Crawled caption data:
_____

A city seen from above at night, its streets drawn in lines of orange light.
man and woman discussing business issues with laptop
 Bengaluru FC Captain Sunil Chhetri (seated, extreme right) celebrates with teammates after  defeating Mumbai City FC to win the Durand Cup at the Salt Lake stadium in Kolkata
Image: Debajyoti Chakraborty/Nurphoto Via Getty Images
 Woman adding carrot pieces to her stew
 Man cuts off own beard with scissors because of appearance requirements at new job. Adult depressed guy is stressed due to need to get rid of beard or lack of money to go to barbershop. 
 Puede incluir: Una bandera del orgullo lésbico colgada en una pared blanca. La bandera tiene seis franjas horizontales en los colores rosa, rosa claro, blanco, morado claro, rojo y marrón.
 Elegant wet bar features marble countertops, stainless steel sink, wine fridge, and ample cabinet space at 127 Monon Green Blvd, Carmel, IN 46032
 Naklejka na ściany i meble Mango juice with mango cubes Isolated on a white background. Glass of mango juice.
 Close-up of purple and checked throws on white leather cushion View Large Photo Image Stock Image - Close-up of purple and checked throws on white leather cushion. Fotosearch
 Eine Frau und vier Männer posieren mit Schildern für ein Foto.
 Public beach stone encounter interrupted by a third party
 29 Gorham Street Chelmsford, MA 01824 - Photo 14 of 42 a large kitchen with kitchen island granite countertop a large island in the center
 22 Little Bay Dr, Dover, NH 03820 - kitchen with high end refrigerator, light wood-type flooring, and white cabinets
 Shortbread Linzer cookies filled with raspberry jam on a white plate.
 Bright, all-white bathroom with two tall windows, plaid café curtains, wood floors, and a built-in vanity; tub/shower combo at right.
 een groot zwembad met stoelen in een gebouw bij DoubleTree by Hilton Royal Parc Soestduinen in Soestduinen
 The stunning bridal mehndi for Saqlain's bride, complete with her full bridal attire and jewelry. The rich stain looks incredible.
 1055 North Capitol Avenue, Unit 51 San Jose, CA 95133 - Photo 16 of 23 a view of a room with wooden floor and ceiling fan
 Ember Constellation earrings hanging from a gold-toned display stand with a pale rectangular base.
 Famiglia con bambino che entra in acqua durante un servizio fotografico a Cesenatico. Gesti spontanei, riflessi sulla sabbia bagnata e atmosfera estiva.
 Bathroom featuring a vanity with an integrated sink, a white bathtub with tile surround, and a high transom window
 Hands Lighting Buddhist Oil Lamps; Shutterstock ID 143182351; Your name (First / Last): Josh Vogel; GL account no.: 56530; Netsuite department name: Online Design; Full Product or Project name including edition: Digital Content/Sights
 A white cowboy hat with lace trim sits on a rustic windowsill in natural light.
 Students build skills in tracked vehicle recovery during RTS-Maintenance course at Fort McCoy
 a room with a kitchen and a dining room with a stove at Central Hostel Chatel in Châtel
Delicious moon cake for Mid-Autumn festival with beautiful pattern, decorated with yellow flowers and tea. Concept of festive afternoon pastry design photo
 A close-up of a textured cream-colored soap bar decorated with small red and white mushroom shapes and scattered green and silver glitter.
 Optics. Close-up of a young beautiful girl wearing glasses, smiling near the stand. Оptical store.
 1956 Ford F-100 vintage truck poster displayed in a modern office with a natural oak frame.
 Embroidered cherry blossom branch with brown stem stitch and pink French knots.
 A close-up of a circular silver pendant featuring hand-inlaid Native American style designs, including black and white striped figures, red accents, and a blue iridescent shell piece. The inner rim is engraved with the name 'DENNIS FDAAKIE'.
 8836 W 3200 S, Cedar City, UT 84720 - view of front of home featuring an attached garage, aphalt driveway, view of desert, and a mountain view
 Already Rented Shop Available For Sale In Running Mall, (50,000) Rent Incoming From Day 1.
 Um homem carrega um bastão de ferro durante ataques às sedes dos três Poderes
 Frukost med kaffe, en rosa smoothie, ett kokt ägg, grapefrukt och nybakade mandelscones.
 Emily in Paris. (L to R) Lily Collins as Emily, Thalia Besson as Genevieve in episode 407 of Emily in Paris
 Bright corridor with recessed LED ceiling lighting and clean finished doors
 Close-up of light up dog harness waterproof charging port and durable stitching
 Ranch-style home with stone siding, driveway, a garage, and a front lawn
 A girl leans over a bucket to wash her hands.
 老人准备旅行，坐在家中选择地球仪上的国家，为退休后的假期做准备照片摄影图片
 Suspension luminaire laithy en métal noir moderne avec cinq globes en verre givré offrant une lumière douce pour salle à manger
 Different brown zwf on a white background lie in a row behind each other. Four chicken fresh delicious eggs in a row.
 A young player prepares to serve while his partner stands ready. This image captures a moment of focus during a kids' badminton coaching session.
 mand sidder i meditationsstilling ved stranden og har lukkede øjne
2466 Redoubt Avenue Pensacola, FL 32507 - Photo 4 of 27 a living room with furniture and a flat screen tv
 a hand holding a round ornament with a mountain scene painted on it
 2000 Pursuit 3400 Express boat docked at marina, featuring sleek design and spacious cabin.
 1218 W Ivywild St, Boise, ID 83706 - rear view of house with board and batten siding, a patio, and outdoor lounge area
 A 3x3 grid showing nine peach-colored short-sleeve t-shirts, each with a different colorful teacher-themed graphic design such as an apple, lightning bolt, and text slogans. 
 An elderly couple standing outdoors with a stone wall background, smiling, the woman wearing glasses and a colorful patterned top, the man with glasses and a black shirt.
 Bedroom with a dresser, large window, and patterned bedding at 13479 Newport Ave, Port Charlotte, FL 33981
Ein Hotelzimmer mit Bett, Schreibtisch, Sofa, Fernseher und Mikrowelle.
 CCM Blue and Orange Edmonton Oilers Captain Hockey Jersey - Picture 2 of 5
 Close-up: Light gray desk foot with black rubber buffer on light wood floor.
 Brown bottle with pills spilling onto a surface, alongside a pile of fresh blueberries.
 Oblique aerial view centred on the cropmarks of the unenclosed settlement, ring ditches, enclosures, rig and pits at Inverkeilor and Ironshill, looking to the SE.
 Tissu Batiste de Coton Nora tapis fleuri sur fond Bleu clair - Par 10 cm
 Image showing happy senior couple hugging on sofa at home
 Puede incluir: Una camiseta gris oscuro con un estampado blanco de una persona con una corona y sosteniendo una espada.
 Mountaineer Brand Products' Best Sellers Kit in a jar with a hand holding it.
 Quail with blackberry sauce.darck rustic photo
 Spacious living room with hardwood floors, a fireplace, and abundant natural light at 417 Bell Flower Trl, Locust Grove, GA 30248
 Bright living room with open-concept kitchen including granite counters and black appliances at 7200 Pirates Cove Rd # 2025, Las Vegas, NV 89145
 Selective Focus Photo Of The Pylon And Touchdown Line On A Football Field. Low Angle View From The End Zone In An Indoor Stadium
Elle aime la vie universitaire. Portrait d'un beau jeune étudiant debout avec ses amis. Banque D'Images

_____

What to work on: Copy the stretch of the records above that runs from the line with "22 Little Bay" through the line with "Bathroom featuring a". Both end lines belong in the copy, and nothing else does.

Answer space:
 22 Little Bay Dr, Dover, NH 03820 - kitchen with high end refrigerator, light wood-type flooring, and white cabinets
 Shortbread Linzer cookies filled with raspberry jam on a white plate.
 Bright, all-white bathroom with two tall windows, plaid café curtains, wood floors, and a built-in vanity; tub/shower combo at right.
 een groot zwembad met stoelen in een gebouw bij DoubleTree by Hilton Royal Parc Soestduinen in Soestduinen
 The stunning bridal mehndi for Saqlain's bride, complete with her full bridal attire and jewelry. The rich stain looks incredible.
 1055 North Capitol Avenue, Unit 51 San Jose, CA 95133 - Photo 16 of 23 a view of a room with wooden floor and ceiling fan
 Ember Constellation earrings hanging from a gold-toned display stand with a pale rectangular base.
 Famiglia con bambino che entra in acqua durante un servizio fotografico a Cesenatico. Gesti spontanei, riflessi sulla sabbia bagnata e atmosfera estiva.
 Bathroom featuring a vanity with an integrated sink, a white bathtub with tile surround, and a high transom window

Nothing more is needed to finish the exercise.